DATA FOR PROCESSING: Begin

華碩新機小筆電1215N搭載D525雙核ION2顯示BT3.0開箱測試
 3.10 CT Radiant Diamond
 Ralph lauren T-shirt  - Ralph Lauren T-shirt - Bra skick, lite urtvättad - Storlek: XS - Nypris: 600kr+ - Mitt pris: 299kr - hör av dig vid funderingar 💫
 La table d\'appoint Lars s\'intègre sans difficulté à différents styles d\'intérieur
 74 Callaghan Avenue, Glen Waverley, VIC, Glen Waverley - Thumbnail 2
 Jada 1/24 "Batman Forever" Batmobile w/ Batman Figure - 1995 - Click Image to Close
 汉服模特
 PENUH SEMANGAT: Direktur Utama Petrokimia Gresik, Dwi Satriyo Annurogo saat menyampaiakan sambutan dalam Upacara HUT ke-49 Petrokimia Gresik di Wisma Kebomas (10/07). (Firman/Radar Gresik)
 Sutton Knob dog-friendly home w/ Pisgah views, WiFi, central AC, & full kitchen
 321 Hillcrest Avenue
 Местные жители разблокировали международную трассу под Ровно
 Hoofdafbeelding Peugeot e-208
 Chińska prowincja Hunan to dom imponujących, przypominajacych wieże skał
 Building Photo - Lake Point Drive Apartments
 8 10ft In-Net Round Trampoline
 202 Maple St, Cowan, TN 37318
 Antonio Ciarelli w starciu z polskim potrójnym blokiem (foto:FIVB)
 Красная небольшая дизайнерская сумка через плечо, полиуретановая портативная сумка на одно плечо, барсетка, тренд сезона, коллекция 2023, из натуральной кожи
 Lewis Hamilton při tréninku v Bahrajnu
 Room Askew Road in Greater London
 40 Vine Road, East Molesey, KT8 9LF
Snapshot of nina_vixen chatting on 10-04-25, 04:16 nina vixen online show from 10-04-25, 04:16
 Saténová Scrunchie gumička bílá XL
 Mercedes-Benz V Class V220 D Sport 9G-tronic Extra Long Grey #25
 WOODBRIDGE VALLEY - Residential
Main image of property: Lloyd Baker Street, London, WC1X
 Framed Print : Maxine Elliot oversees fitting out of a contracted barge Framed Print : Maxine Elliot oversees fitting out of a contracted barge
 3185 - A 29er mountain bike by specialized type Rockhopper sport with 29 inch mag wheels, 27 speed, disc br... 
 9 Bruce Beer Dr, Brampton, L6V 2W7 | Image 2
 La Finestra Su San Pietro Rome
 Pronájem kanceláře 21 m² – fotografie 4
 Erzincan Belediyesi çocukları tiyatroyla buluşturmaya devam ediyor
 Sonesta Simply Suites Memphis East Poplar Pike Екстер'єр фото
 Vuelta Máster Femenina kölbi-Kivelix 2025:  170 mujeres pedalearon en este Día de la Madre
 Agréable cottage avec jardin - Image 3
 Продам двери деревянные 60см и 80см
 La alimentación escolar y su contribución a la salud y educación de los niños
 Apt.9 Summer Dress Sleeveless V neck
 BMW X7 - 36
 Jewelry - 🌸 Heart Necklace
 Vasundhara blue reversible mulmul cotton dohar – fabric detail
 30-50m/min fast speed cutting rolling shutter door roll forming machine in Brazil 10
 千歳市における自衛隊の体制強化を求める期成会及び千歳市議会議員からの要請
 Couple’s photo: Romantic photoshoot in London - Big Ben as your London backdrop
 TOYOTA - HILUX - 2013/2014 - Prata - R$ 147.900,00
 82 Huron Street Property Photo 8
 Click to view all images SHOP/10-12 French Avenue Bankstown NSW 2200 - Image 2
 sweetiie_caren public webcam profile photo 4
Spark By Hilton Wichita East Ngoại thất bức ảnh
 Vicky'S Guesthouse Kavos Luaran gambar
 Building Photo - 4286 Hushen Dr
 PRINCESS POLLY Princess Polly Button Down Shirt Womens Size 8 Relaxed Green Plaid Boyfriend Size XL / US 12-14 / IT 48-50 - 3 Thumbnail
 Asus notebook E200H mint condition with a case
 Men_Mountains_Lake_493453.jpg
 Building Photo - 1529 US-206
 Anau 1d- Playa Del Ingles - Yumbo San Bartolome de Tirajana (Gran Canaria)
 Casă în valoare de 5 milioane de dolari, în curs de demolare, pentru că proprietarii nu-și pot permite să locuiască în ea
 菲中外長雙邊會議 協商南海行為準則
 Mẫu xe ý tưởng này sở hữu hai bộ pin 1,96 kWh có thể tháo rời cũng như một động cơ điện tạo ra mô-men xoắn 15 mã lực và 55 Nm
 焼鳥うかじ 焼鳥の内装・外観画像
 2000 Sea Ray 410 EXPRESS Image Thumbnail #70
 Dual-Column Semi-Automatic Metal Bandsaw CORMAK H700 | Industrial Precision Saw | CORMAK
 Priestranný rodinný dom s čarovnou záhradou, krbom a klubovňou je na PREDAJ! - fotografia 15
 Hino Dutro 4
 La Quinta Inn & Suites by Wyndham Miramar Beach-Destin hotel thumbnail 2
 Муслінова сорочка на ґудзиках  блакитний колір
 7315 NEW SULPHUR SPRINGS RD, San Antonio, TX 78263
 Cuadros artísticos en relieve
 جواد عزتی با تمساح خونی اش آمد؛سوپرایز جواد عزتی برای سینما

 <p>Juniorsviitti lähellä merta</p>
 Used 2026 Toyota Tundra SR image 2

DATA FOR PROCESSING: End

(WHAT THE TASK ASKS):
Once you find the line containing "<p>Juniorsviitti lähellä merta</p>", copy it and every line after it through the end of the records, exactly as they stand.

(ANSWER TO THE EXERCISE):
 <p>Juniorsviitti lähellä merta</p>
 Used 2026 Toyota Tundra SR image 2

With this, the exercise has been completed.